I have a pension with my bank, an investment with AIG and I was ready to pull it out. The truth is, even if I did pull it out I wouldn't know where to put it as banks are not safe.
Have you any views on this?
What interesting times we are living in. Once regarded as one of the largest financial institutions in the world, AIG dropped to their knees. In fairness they must be there for a reason, them along with the other institutions who made atrocious investment decisions. I can only wonder at whom thought buying bad securitised debt was a good idea as an investment.
Remember if it had gone well they would have taken the credit. Now it's gone badly, it’s the fault of the credit crunch. I am heartbroken!
Left in their trail of casino-like investments are the bemused investors who somehow have to work out how they can protect themselves. Up until now, the bank was as safe as bricks and mortar, now after the housing falls it still is!
Firstly there is a Financial Services Compensation Scheme (FSCS) which protects you.
An investment into bank deposits affords you protection of £50,000 protection per person, not account. Ensure you do not spread your capital between a bank and a subsidiary as the protection will only apply once.
The FSCS also cover 100 per cent of the first £30,000 and 90 per cent of the next £20,000 for mortgage advice for business conducted after October 2004, and also the same total for certain investments like unit trusts for example.
Long term insurance such as pensions and life assurance offer 100 per cent protection for the first £2,000 plus 90 per cent of the remaining claim. Whilst for deposits the rules also allow for a share of savings above the £50,000 following distribution of assets by the insolvency practitioner, it's not something you should rely on.
As you can see an investment outside of cash offers much more protection.
This is the end of the simple bit. And I really mean that, so you will have to see if you are affected below and if confused, contact me.
Any policyholder protection will depend on the jurisdiction in which any life company or fund provider operates and more importantly on who is the buyer of the investment.

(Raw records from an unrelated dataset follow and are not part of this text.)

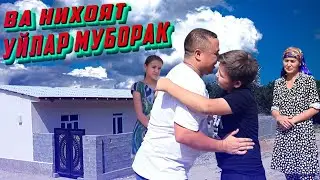 ФИНАЛДАН КЕЙИНГИ ВОКЕА ХАЛИ БУНАКАСИ БУЛМАГАН УЛАР УЙЛИ БУЛИШАДИ...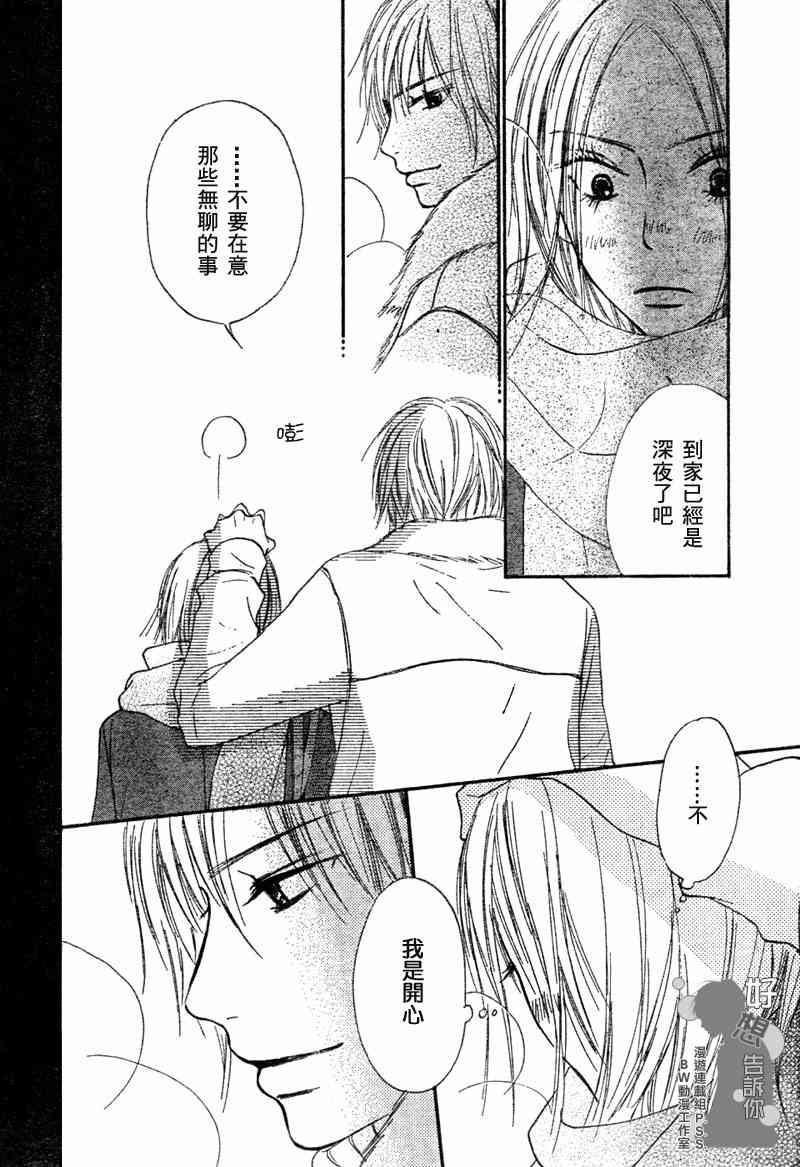 《好想告诉你》漫画最新章节第23话免费下拉式在线观看章节第【4】张图片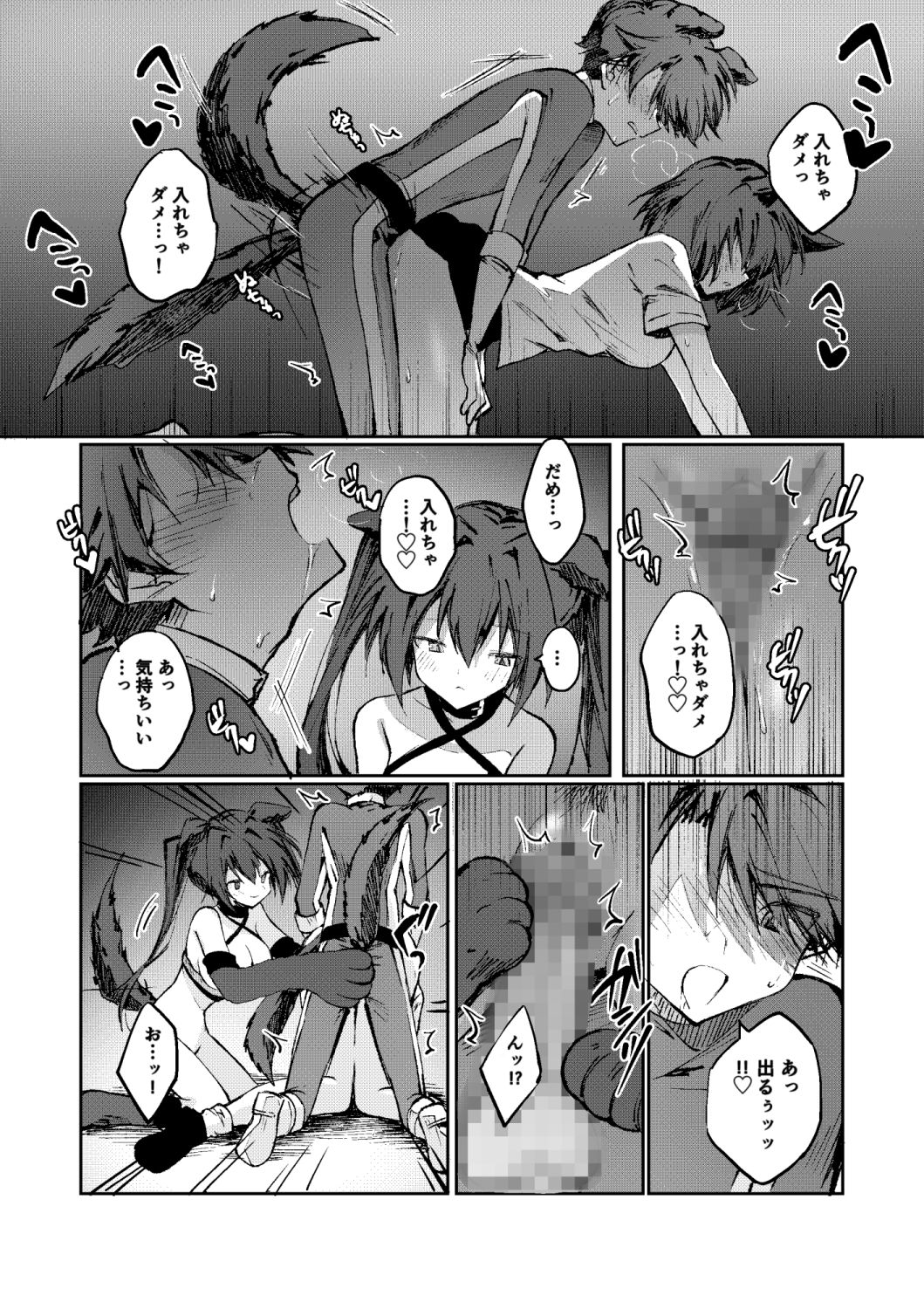 ヒーローは怪人に負けない！3 - サンプル画像 2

Remember Jersey and Guernsey have no compensation scheme although they are reviewing it.
Let's look at a few examples. A client who invests in an offshore bond and accesses insured funds operated and managed by that provider will be protected under FSCS as above as long as they are habitually UK resident at the time they purchased the bond.
An investment however in an external fund, not directly managed by the provider is not covered by FSCS, something not a lot of people know. It is expected by the FSA that 'large' companies do due diligence on fund groups and providers would be classed as large companies.
Therefore if an external fund provider goes out of business or is insolvent, the FSCS does not come into play.
Firms have the responsibility and regulatory duty to ensure they have appropriate procedures in place to ensure the customer is protected. They should ensure the external fund manager is financially strong and evidence it.
Any pooled investment such as unit trusts or Oeics should also appoint a custodian to ring fence the customer's assets from the assets and liabilities of the firm itself. This effectively protects the customer's investment by 100 per cent assuming there are no irregularities.
In the case of an external fund, the provider would have legal access to the surrender value of the underlying investments so that protection is well worth remembering.
One of the biggest concerns is if a bank or building society based in the UK defaults within an investment bond there is no FSCS protection as the 'large company' rule applies again.
The reason is because the provider rather than the individual is the investor. If you are sitting in cash within a bond in an attempt to protect the cash you should be very careful indeed as no protection is afforded.
And finally, all those invested in structured contracts within a bond should also remember this falls into the large companies rule and as such have no protection, other than the offer of a surrender value of the assets.
The surrender value of structured contracts can be considerably less than their actual value.